The national semifinals feature Duke’s Mike Krzyzewski, winner of five titles and headed to the Final Four for a record 13th time; Kansas’ Bill Self, like Krzyzewski a Naismith Hall of Famer, headed to his fourth national semifinal and looking for his second title; and Villanova’s Jay Wright, who is making his fourth trip and looking for his third title in the last six tourneys.

Then there’s Hubert Davis. He’s just the ninth coach in history to make the Final Four in his first season at the helm. While the other coaches can break out their Final Four protocols and rely on what’s worked and what hasn’t in past trips, Davis is doing everything for the first time as the head coach.

That’s not to say he’s brand new to the big stage. Davis played in a Final Four at UNC, leading the team with 25 points on 9-of-16 shooting. He’s also been to two as an assistant to Roy Williams. The 2017 national championship team credited his emotional halftime speech in the title game with motivating them to wrap up the crown in the final 20 minutes.

Still, there’s a difference between being there and leading a team there. Davis admitted as much before the Elite Eight win over Saint Peter’s.

“I think that’s the biggest difference between being an assistant and a head coach,” he said. “As an assistant you’re always making suggestions, and as a head coach you’re always making decisions.”

Any trip to the Final Four is a tall task, but Davis is facing one of the toughest challenges as Carolina will play Duke on Saturday in what will undoubtedly be the biggest game ever played in the best rivalry in sports.

Davis already pulled off a miracle upset of the Blue Devils, winning on a day his Tar Heels were expected to play the Washington Generals to Duke’s Harlem Globetrotters in Coach K’s final game at Cameron Indoor Stadium. The Tar Heel faithful printed T-shirts commemorating that win, and many proclaimed it the biggest regular season win in program history.

Now, Davis has a chance to top that performance a mere four weeks later.

The pressure and emotion will be ratcheted up to all-time highs on both sides, and it will take an expert approach to have the team prepared for the game.

That’s a lot to ask of a rookie, but Davis has already done a strong coaching job this season. In November, the Tar Heels dropped back-to-back games in Uncasville, including an embarrassing 17-point loss to Tennessee. In December, they were crushed by Kentucky, 98-69. January saw Miami beat them by 28 and Wake Forest by 22 in consecutive games. Duke beat them by 20 in February, and that month also saw UNC’s NCAA Tournament hopes get put on the wrong side of the bubble with a home loss to Pitt that was, according to analytics, UNC’s worst loss in more than a decade.

Along the way, Davis lost two players — Anthony Harris was declared out for the rest of the season in January, and Dawson Garcia left the team in February due to family issues.

Just when the team seemed dead in the water, things turned abruptly.
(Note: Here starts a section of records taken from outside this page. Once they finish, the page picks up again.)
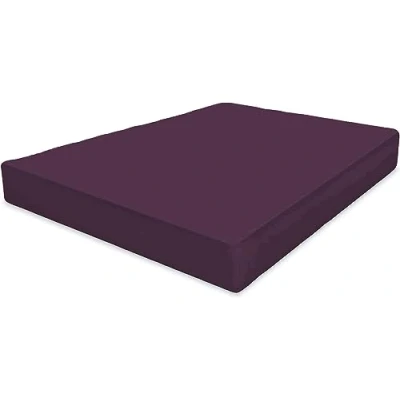 Image of Deep Fitted Sheet 25cm Plain Dyed Non Iron Polycotton Bed Mattress Cover Elasticated Pocket (Single, Plum)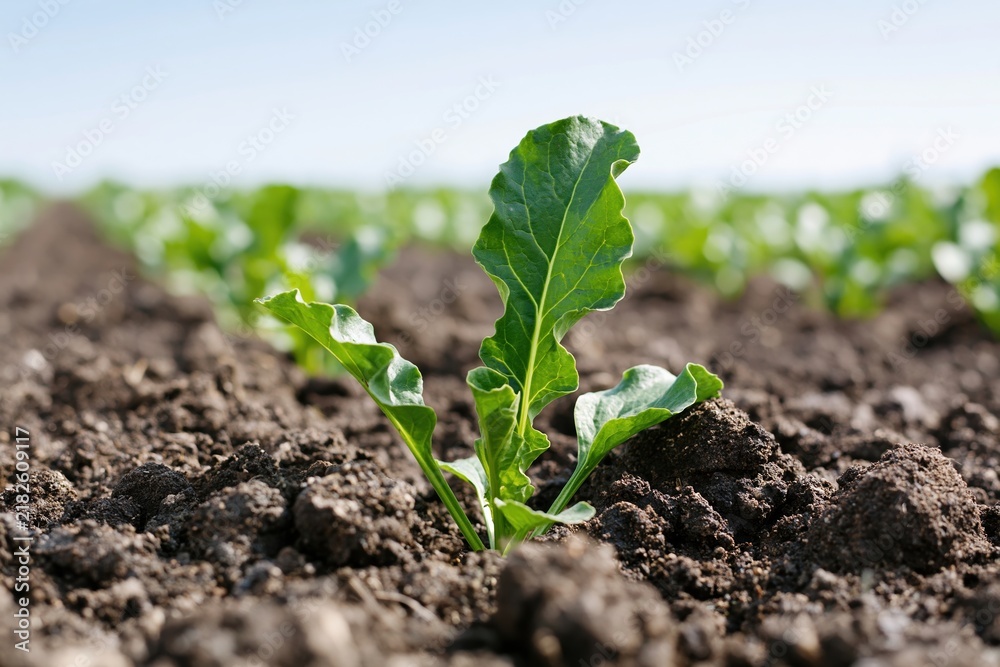 Obraz premium The seedling emerging from fertile soil in a sunlit field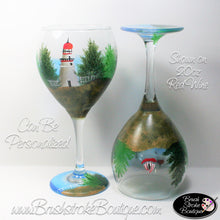 Hand Painted Wine Glass - Marblehead Lighthouse - Original Designs by Cathy Kraemer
UNC has won 10 of 11 games since the Pitt loss, including the win over Duke at Cameron.

In the tournament, UNC has also seen a roller coaster, looking unbeatable in a 32-point win over Marquette and building a 25-point lead over top seed Baylor. UNC saw that entire lead disappear before surviving in overtime. The Heels then finished strong to get past UCLA and blew out Saint Peter’s to reach the Final Four.

“I believe that what has allowed us to get to this point has been time,” Davis said. “This has been a year of newness: new head coach, new coaching staff, three new players, transfers, two new freshmen, some tweaks, pivots, changes in our style, both offensively and defensively. I just think it’s shared experiences over time, and I know that everybody wants everything to fit perfectly in November and December, and it just takes time.”

Time may be the key to UNC’s turnaround, but it’s also the area in which the Tar Heels and Davis are at the largest disadvantage in facing three other coaches who have spent more time on the biggest stage than anyone else coaching today.

Will they be up to the task? Time will tell.